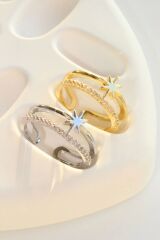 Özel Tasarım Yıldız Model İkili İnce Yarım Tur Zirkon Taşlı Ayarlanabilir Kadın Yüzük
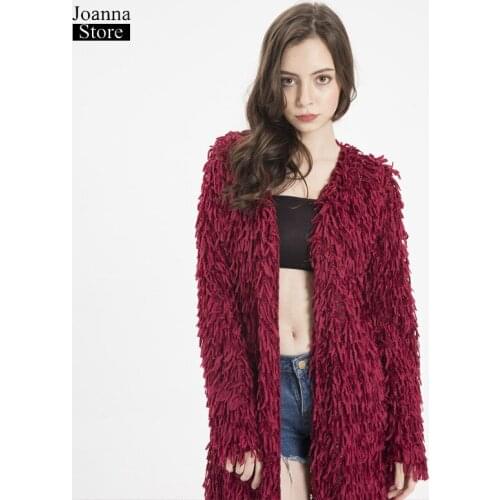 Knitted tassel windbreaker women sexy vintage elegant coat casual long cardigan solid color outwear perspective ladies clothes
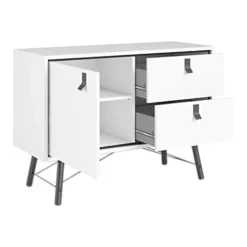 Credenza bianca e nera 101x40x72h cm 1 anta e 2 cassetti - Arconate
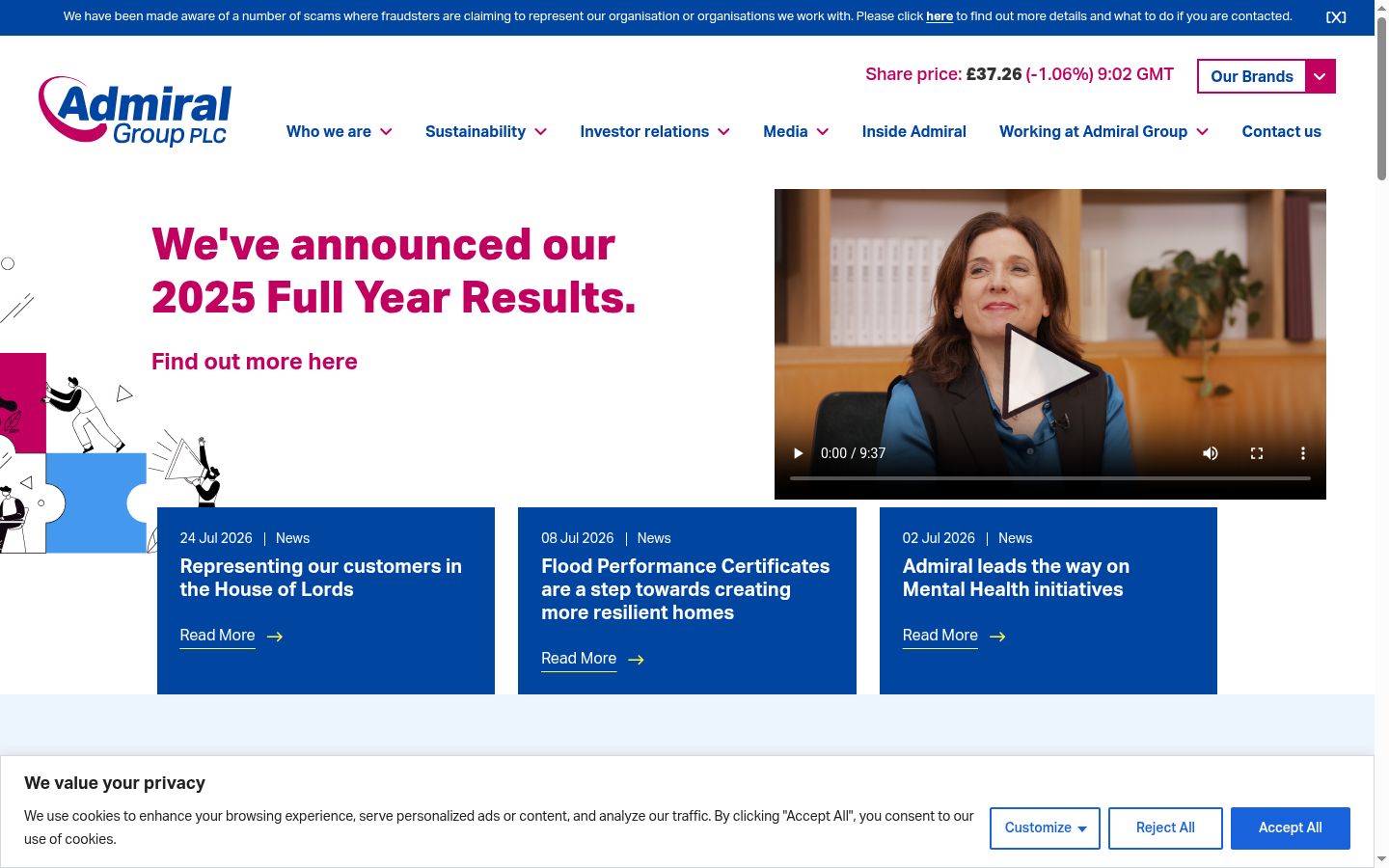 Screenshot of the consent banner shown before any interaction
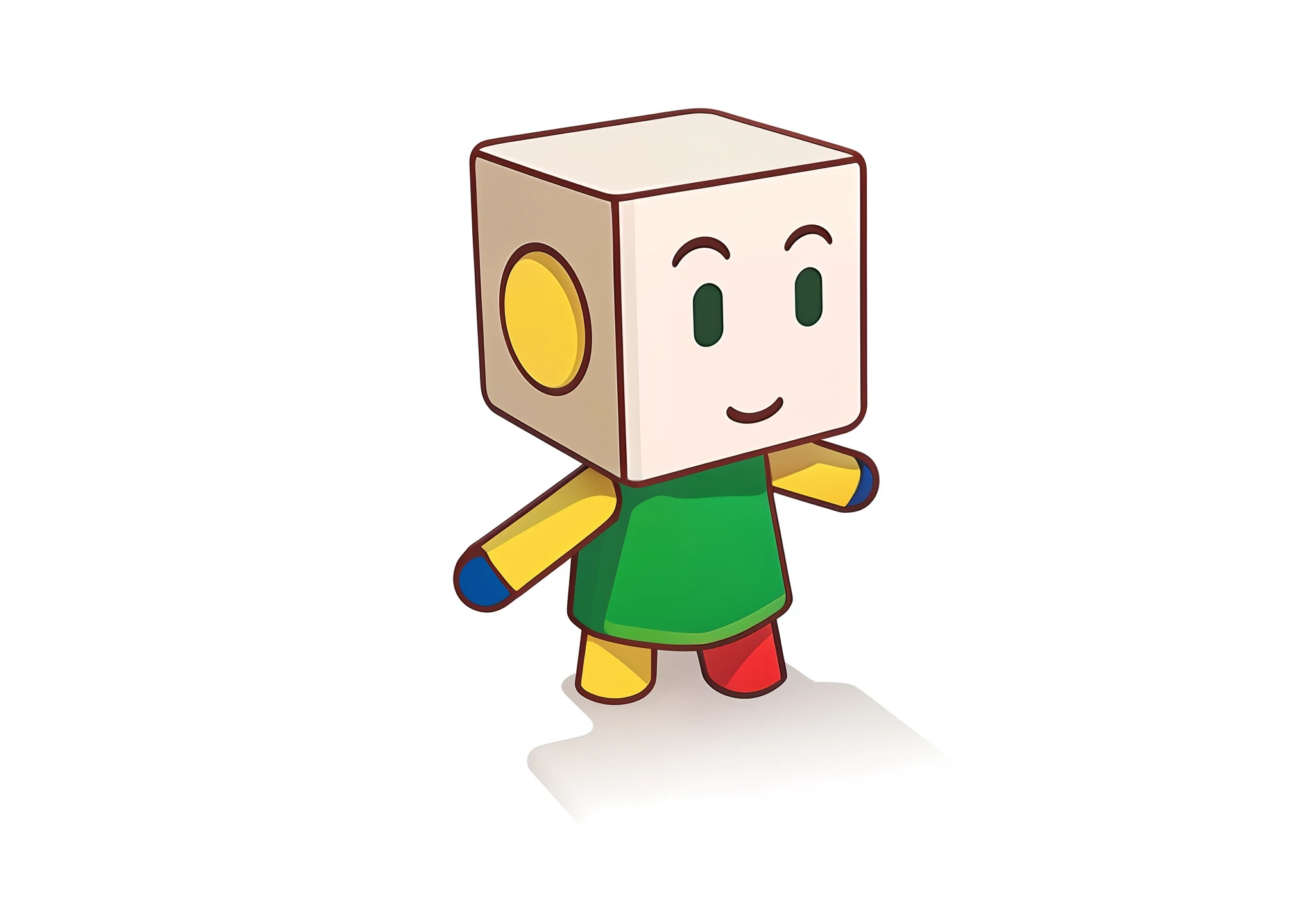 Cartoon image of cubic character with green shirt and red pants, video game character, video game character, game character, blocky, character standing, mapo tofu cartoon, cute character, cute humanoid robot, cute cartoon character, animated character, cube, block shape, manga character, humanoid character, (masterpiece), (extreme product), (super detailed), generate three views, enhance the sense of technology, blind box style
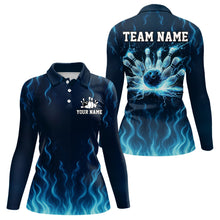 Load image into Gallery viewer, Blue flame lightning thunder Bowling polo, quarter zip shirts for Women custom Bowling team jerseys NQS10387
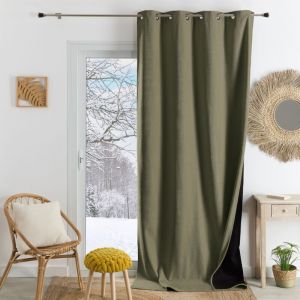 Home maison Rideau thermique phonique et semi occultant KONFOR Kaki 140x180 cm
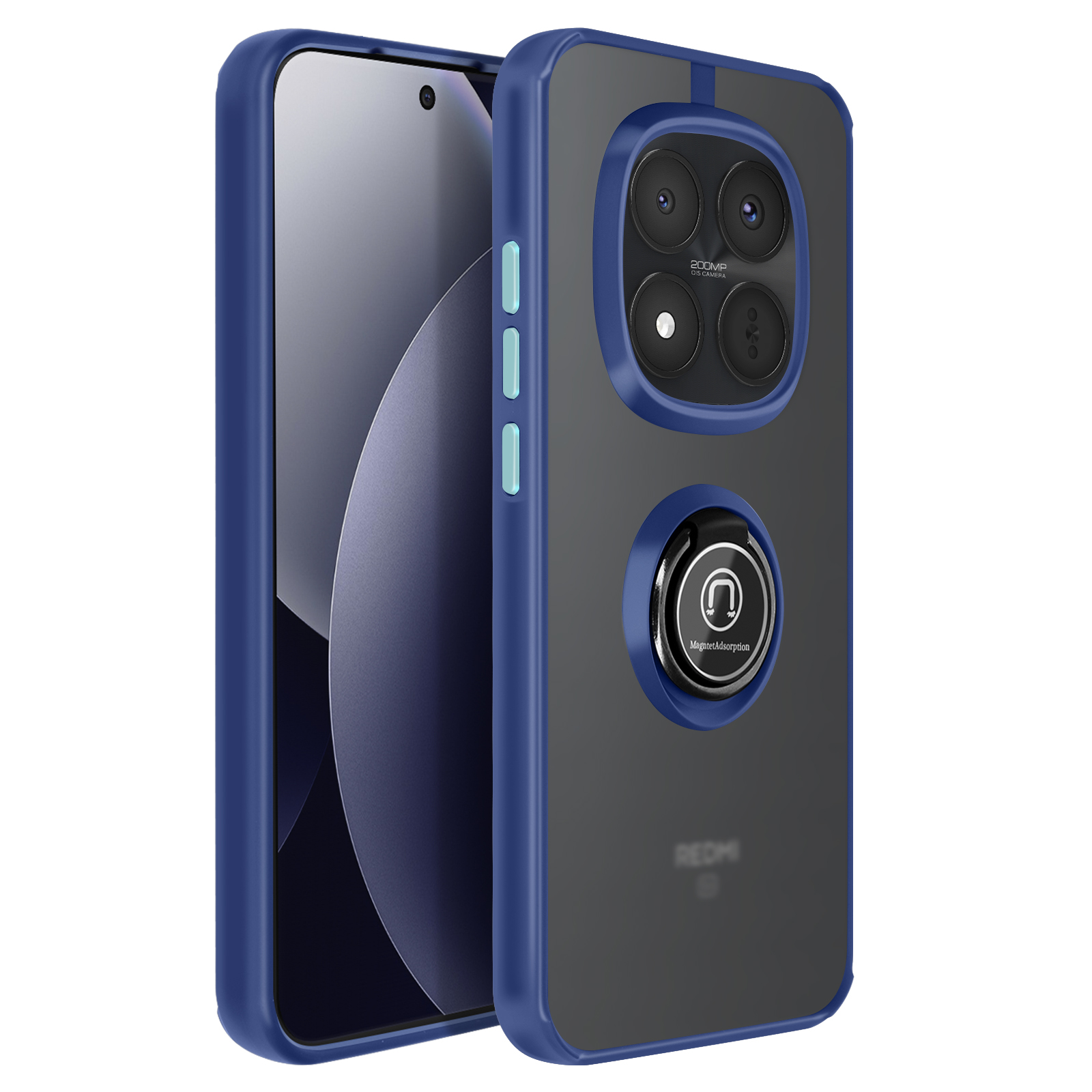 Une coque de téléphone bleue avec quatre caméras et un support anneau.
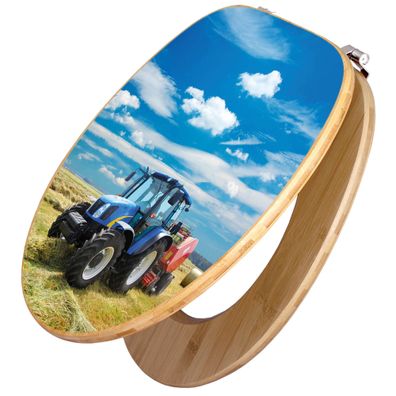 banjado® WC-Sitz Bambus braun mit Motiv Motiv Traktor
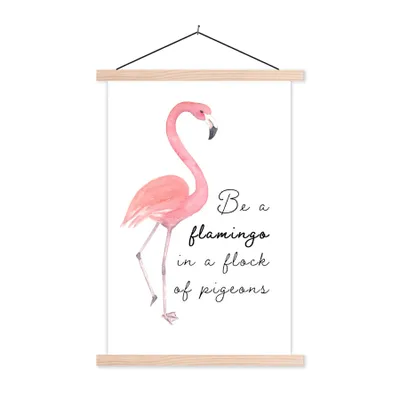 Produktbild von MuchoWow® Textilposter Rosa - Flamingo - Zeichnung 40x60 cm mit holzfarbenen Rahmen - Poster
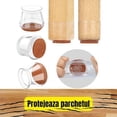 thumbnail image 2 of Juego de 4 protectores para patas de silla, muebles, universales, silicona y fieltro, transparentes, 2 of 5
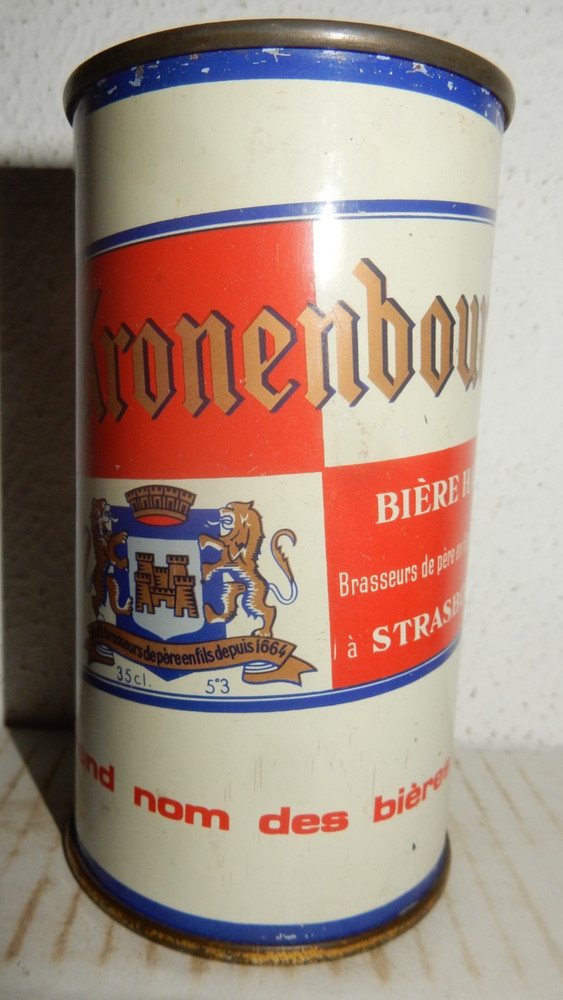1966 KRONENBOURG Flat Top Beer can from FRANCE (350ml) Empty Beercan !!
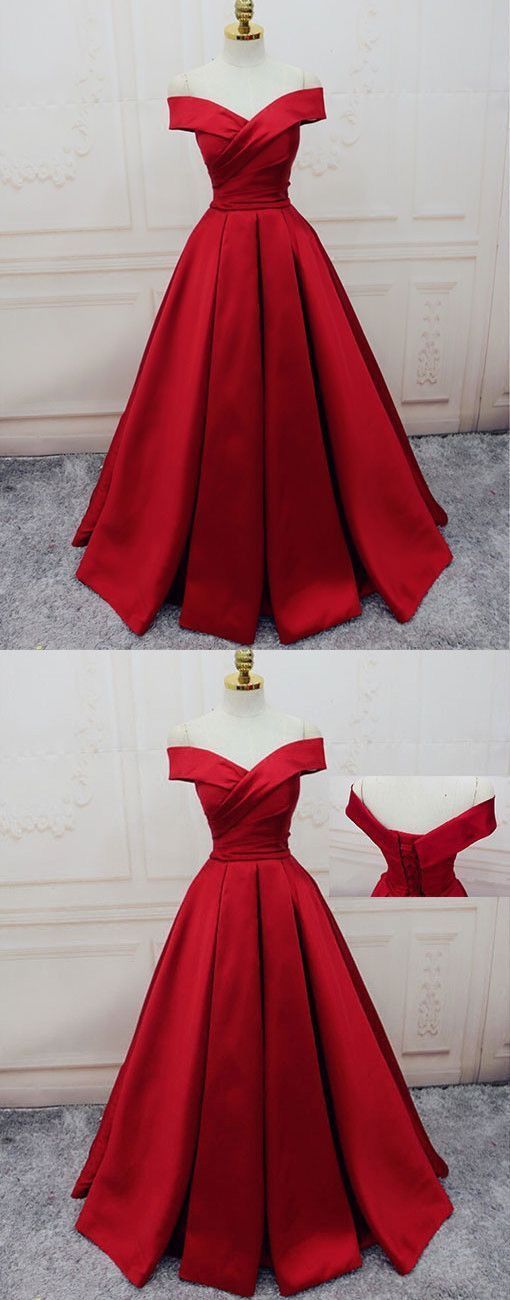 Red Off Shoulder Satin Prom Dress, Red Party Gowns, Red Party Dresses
● ● ● ● ●
▸ **WHAT THE TASK REQUIRES**: Only an exact copy is wanted: the lines from the opening of the material through the line that has "Screenshot of the", minus any pictures.

▸ **OUTPUT FOR THIS EXERCISE**:
 Özel Tasarım Yıldız Model İkili İnce Yarım Tur Zirkon Taşlı Ayarlanabilir Kadın Yüzük
 Knitted tassel windbreaker women sexy vintage elegant coat casual long cardigan solid color outwear perspective ladies clothes
 Credenza bianca e nera 101x40x72h cm 1 anta e 2 cassetti - Arconate
 Screenshot of the consent banner shown before any interaction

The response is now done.